- What you have to do:
Reproduce each line, exactly, from the one containing "Gigi Comfortable Door" through the end of the material. Exclude pictures.

- Available data:
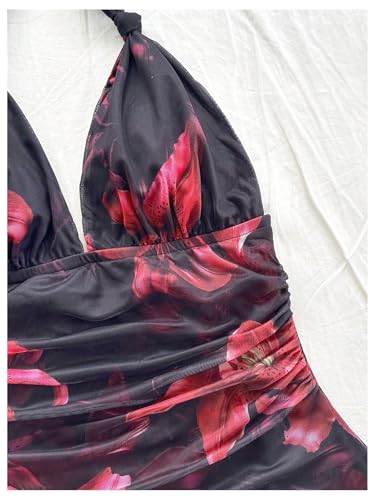 Image of BEAUDRM Women's Summer Mini Dress Backless Vacation Beach Sundresses Boho Going Out Dress Date Night Brunch Outfit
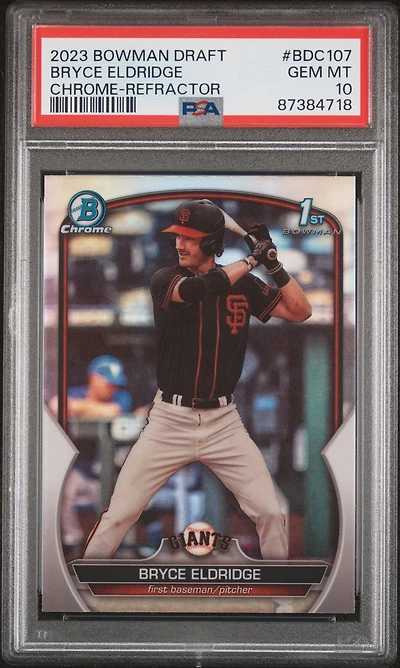 2023 Bowman Draft Bdc107 Bryce Eldridge PSA 10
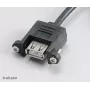 Akasa AK-CBUB06-60BK cavo da USB 2.0 interno a esterno, 60 cm, nero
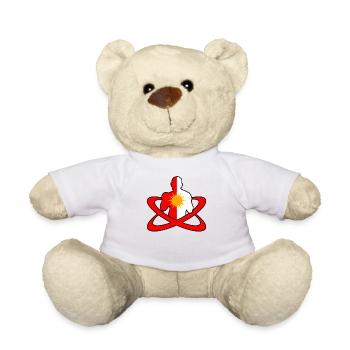 Boxhabdschuhe Ezidi Boxen Ezidxan Flagge - Teddy - Weiß - Vorne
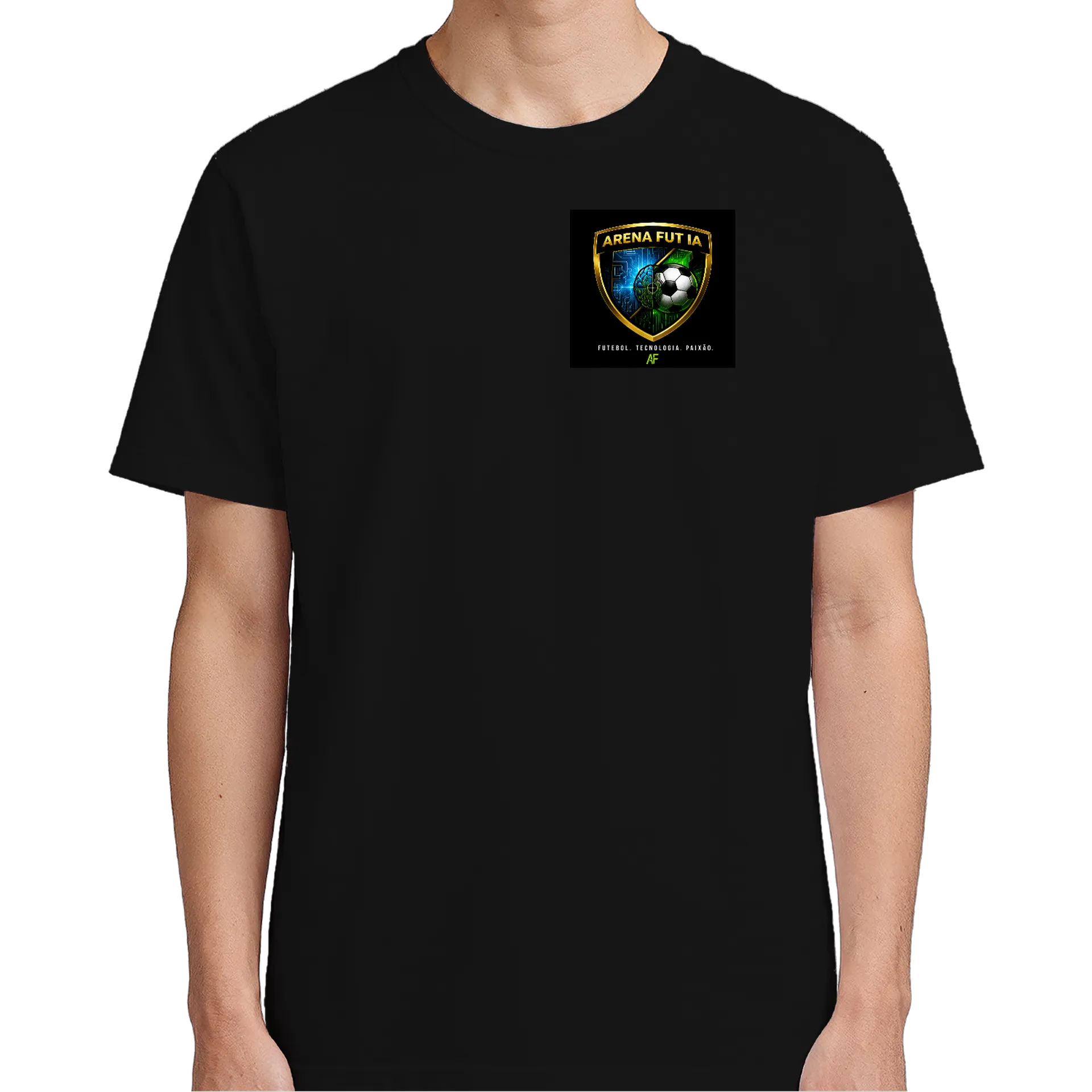 Camiseta Oficial Arena Fut IA 100% Algodão - Imagem 5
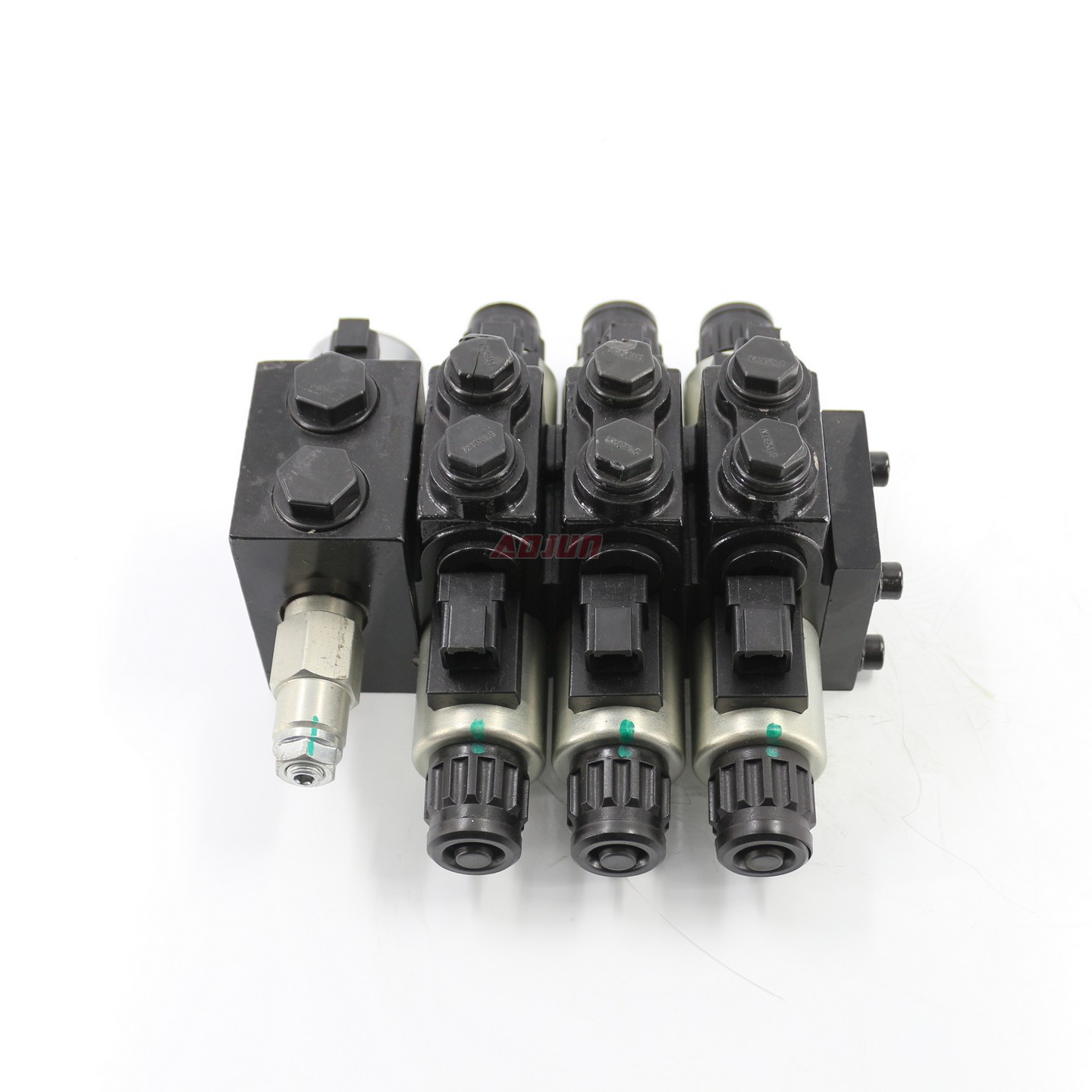 3 Spool Solenoid Solenoid Control Valve HDCF50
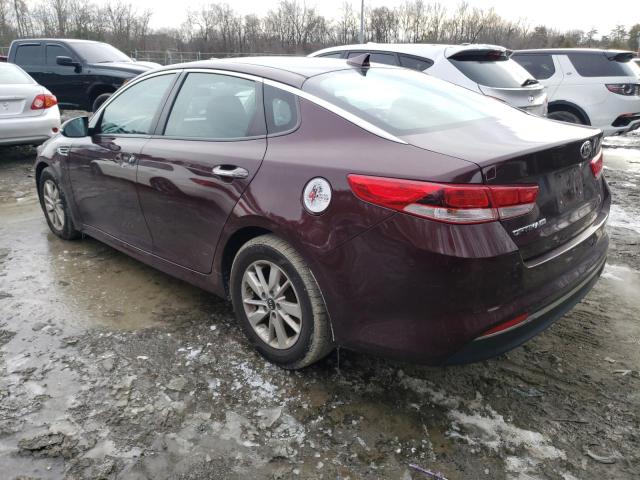 5XXGT4L35HG167063 - 2017 KIA OPTIMA LX BURGUNDY photo 2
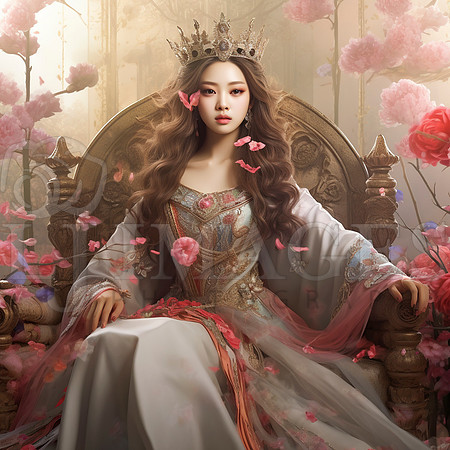 destinyunlimited_korean_female_queen_art_nouveau_wearing_dress__f7ff0dda-dcf3-4716-b479-b14d0b1c0cfc-2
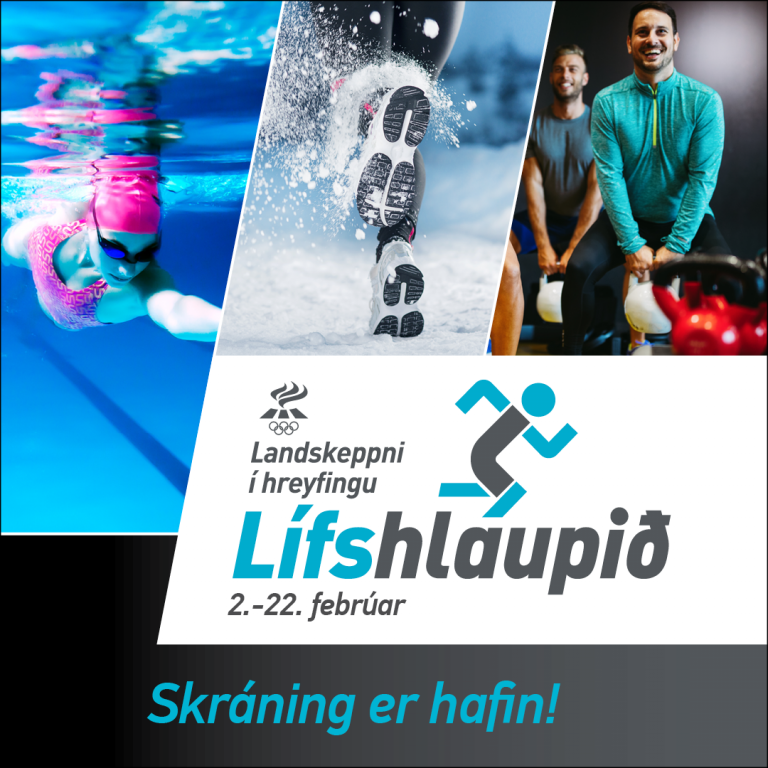 Lífshlaupið 2022-skráning er hafin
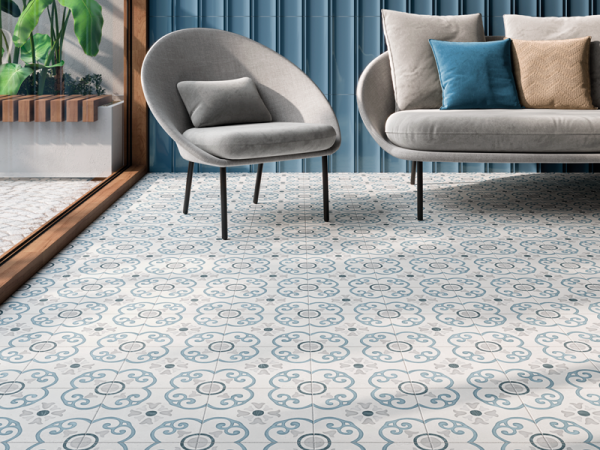  36517 SIROCCO BLUE DHALIA 22,3х22,3х0,9 см 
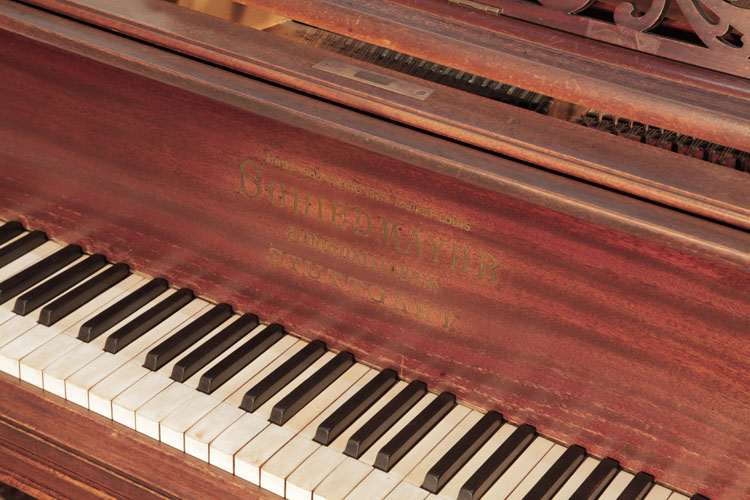 Schiedmayer  manufacturers name inlaid in brass on fall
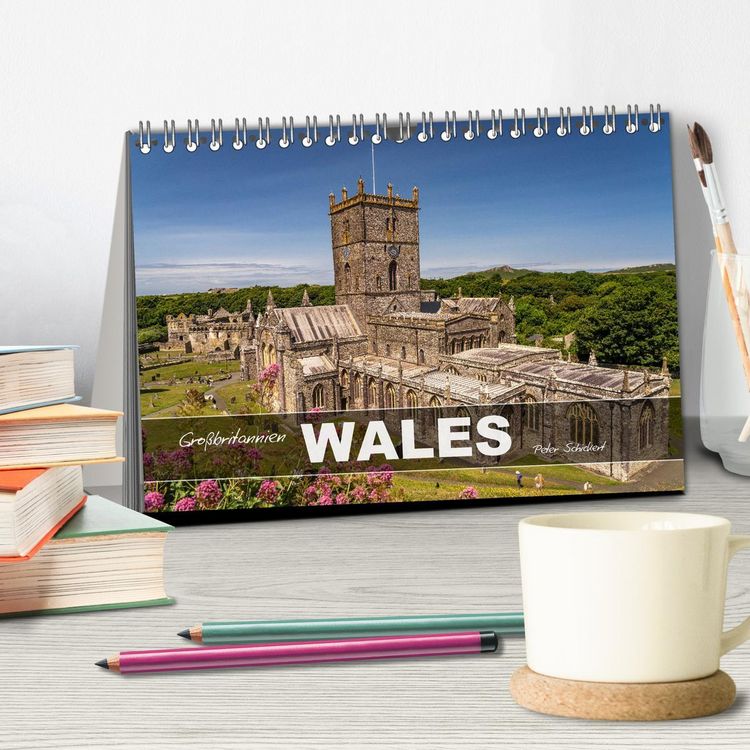 Produktbild: Gro&szlig;britannien - Wales (Tischkalender 2026 DIN A5 quer), CALVENDO Monatskalender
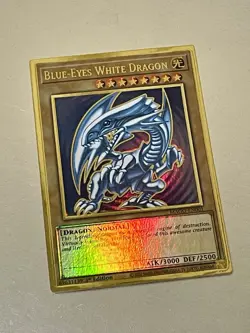 Blue-Eyes White Dragon | MAGO-EN001 | Premium Gold Rare | LP | 1st Ed | YuGiOh! - Image 1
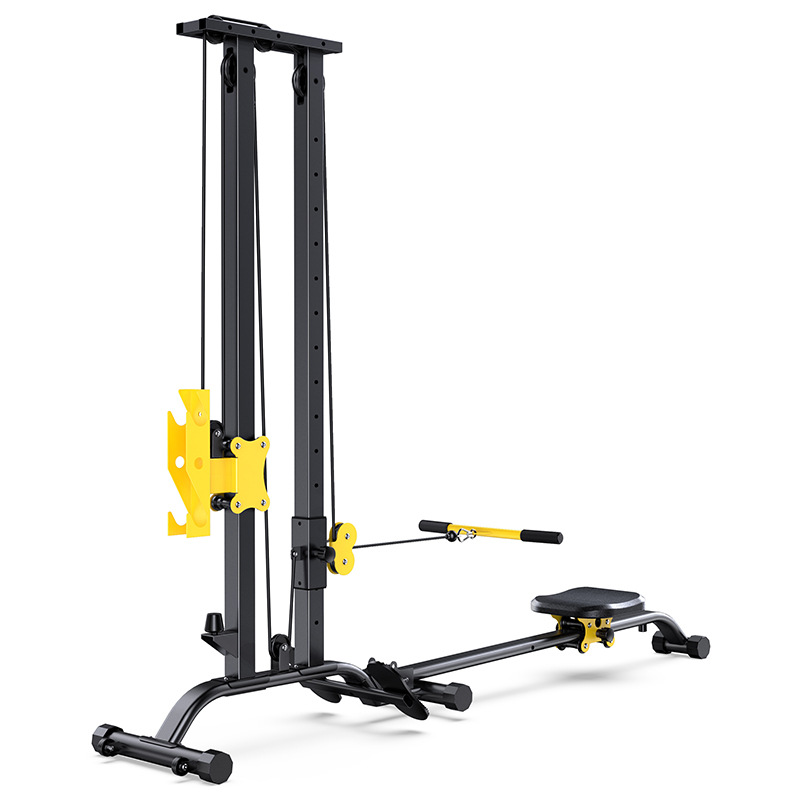 Picture of High Pull-Up Frame Fitness Equipment for Fat-Burning Exercise, Dumbbell Multi-Functional All-In-One Comprehensive Trainer, Pull-Back Rowing Machine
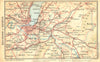 SWITZERLAND. Environs of Geneva 1930 old vintage map plan chart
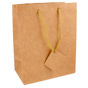 Saco Papel Kraft Boutique com Asa Cordo 180+100x227mm 10un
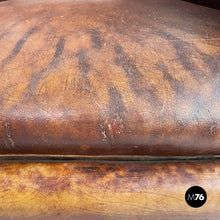 Load image into Gallery viewer, Armchairs in brown leather, 1920s
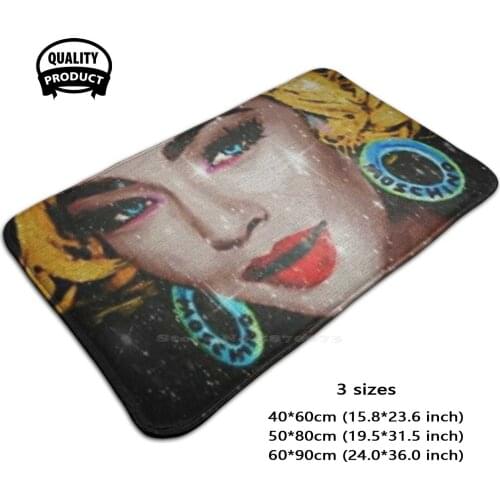 Gigi Comfortable Door Mat Rug Carpet Foot Pad Gigi Hadid Pop Art Brand Fashion Trend Model Famous Celebrity Love Movie Music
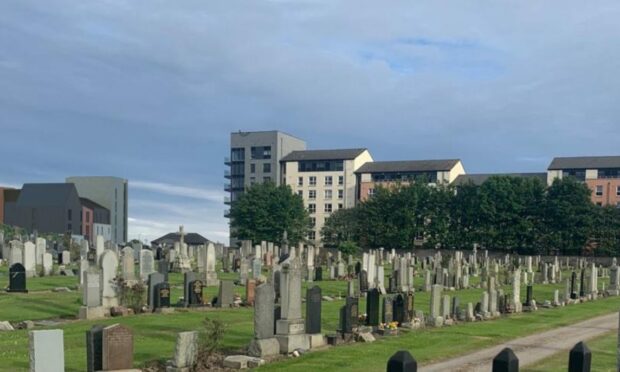 This visual shows the flats next to the existing Ocean Apartments and Trinity Cemetery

- Solution below:
 Gigi Comfortable Door Mat Rug Carpet Foot Pad Gigi Hadid Pop Art Brand Fashion Trend Model Famous Celebrity Love Movie Music
 This visual shows the flats next to the existing Ocean Apartments and Trinity Cemetery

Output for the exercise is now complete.